Of the 270+ Global Gateway flagship projects worth over €300 billion mobilised to date, the European Commission has not disclosed how many involve companies that will no longer be subject to mandatory due diligence and reporting under the scaled-back directives—a transparency gap that itself raises questions about accountability. 

The China Question 

The Global Gateway is supposed to be the ‘values-driven’ alternative to China’s Belt and Road. But if EU companies doing Global Gateway projects don’t have to: 

  • Conduct rigorous human rights due diligence 
  • Report environmental impacts transparently 
  • Ensure climate alignment 

How does this make the EU any better than China? 

By creating a two-tier system for large vs. medium companies in reporting and due diligence, the EU is effectively reducing accountability precisely where the Global Gateway needs to prove it is different. 

A Real-World Warning: Zambia’s Environmental Disaster 

Currently, a Chinese company, Sino Metals, is responsible for Zambia’s most significant ecological disaster, which occurred in February 2025. Heavy metals from a tailings dam, such as arsenic, mercury, and lead, leached into the Kafue, Zambia’s longest river and a primary drinking water source. This has caused devastating pollution, affecting drinking water, crops, and fish. Thousands of Zambians face health risks, livelihoods are destroyed, and the compensation paid to affected communities so far has been inadequate. 

The EU is supporting Zambia (a country that has also signed a CRM Partnership) in dealing with this crisis.

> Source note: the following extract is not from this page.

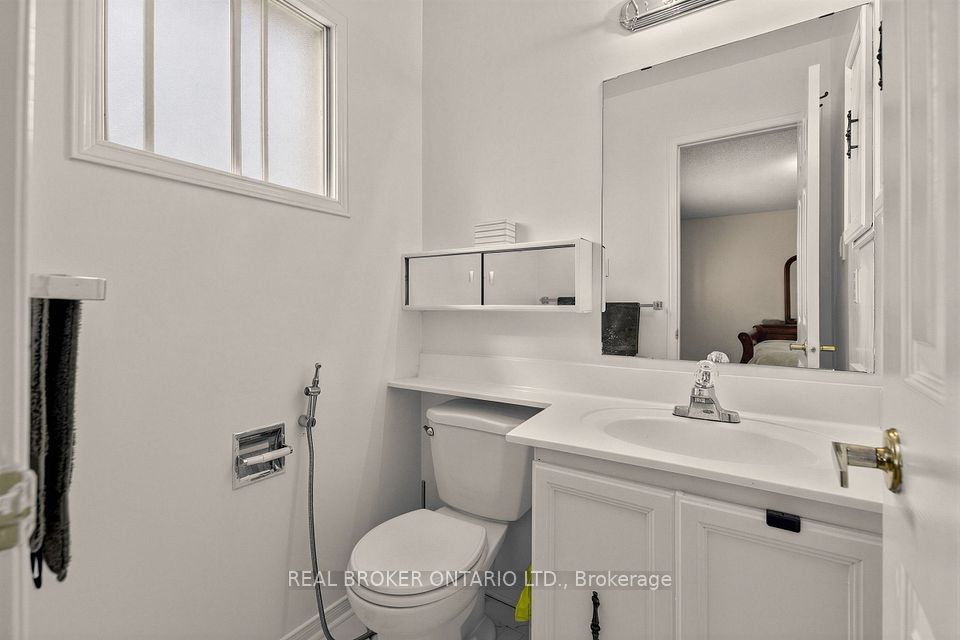 26 White Boulevard, Vaughan, ON L4J 5Z3 20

Yet under the scaled-back CSDDD, a European company of similar size would not be required to conduct due diligence to prevent such disasters or to report any public occurrence. 

The irony is stark: the EU positions Global Gateway as the responsible alternative, while simultaneously reducing requirements that would prevent European companies from causing the very harms it criticises Chinese companies for inflicting. 

What This Means for Development Cooperation 

For EU-CORD and our different advocacy areas, these scale-backs mean that the EU: 

  1. Is prioritising competitiveness over Policy Coherence for Development. 
  1. Is choosing to soften enforcement on business over transparency to civil society. 
  1. Is accepting weaker standards in partner countries for European economic benefit. 

The Path Forward 

The EU cannot have it both ways. It cannot position Global Gateway as a values-based partnership model while simultaneously weakening the mechanisms that would hold European companies accountable to those values in partner countries. 

For Global Gateway to maintain credibility, the EU must: 

  • Make sustainability standards a condition of Global Gateway participation, regardless of company size. 
  • Ensure transparency by requiring all Global Gateway projects to report on local impacts publicly. 
  • Strengthen civil society oversight through meaningful participation in project monitoring. 
  • Walk the talk on Policy Coherence for Development by aligning corporate accountability with development partnerships. 

The question facing EU policymakers is simple: Will Global Gateway be defined by its rhetoric or its reality? The answer will determine whether partner countries see it as a genuine alternative—or just another extractive relationship dressed in better marketing. 

While the EU says the Global Gateway represents a values-based partnership, these scale-backs reveal a troubling contradiction. The credibility of Europe’s flagship international partnership initiative now hangs in the balance.